Read Lawrence Morgan (January 30, 1931 – April 20, 2022) was an American film and television actor. He was known for playing the role of Sergeant Hapgood Tasker in the American western television series The Deputy.

Life and career 
Morgan was born in Chicago, Illinois. He attended the University of Kentucky, where he played basketball and football. After two years there Morgan left to study drama at Northwestern University, then served in the United States Air Force for two years. 

He began his acting career in the crime drama television series The Big Storyin 1949. Later he joined the cast of the western television series The Deputy, playing army officer Sergeant Hapgood Tasker, who had blindness in one eye, wearing a eye patch.

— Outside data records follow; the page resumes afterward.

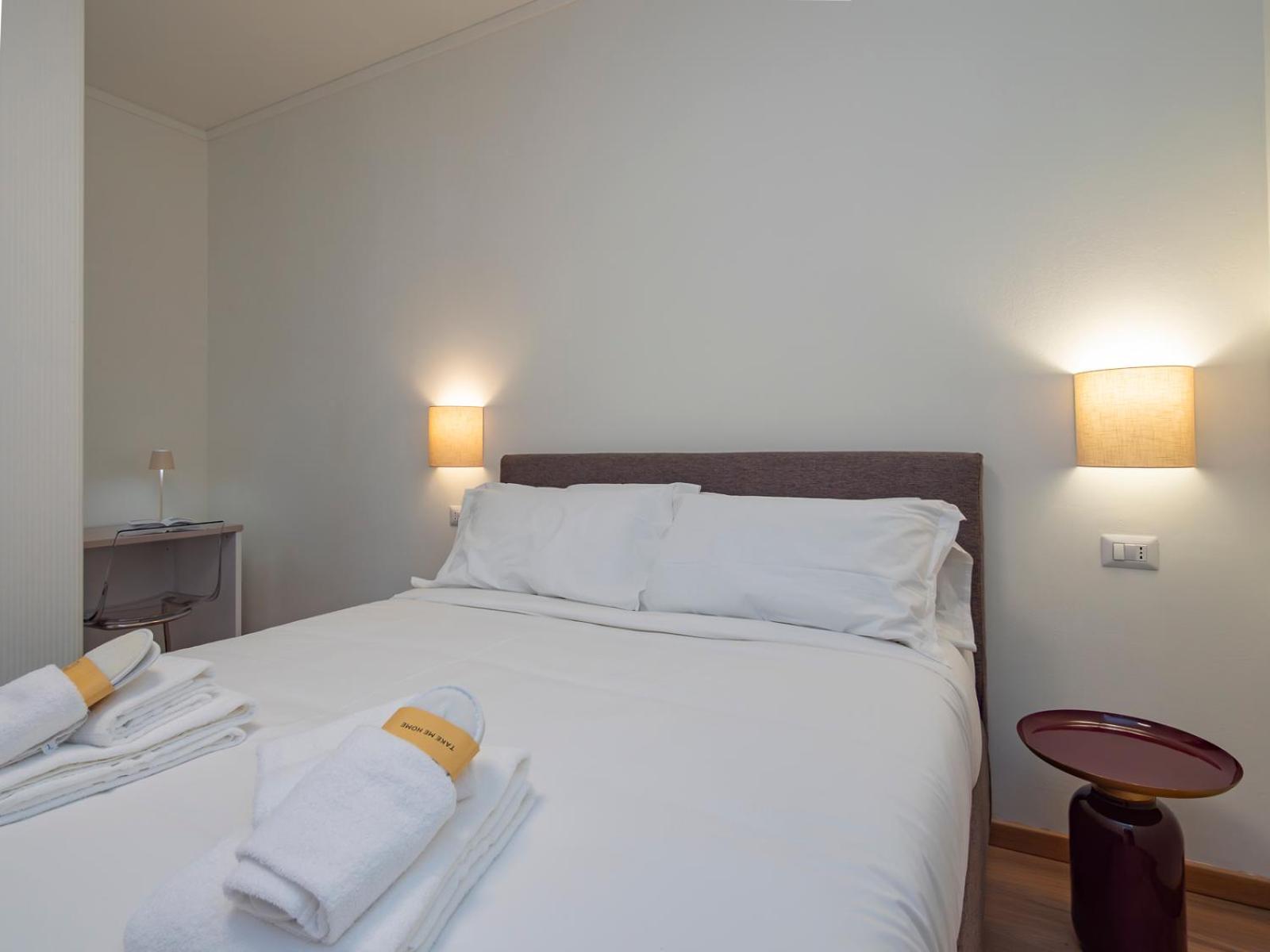 Spacious 2bdr With Balcony Arco-sempione Area, By Rentopolis Appartamento Milano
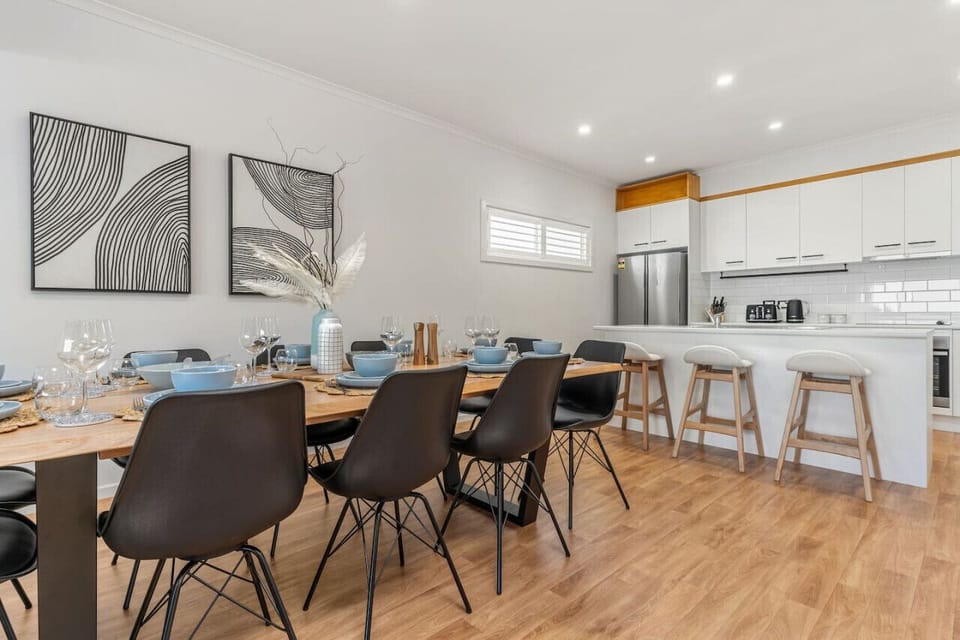 Come together over long lunches and family dinners, with the open layout keeping everyone connected.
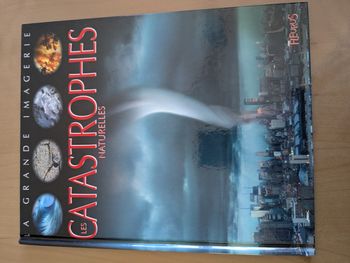 Livre la grande imagerie les catastrophes naturelles 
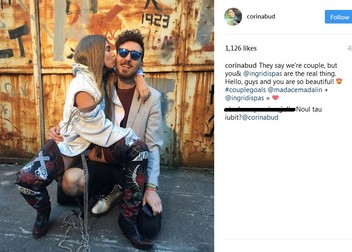Corina Bud a întrecut orice limită. S-a pozat cu picioarele desfăcute, în braţele unui bărbat misterios.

Morgan also appeared in the Broadway play Li'l Abner. 

Morgan appeared in numerous television programs, his credits including Gunsmoke, Wagon Train, The United States Steel Hour, M Squad, How the West Was Won, Laramie, The Outsider, The Twilight Zone (episode "What You Need"), State Trooper and Paradise. He also appeared in films such as Back to the Future, Just Between Friends, The Beach Girls and the Monster, Dillinger, Lightning, the White Stallion and The New Centurions. Morgan retired in 1994; his last credit was for the film Maverick.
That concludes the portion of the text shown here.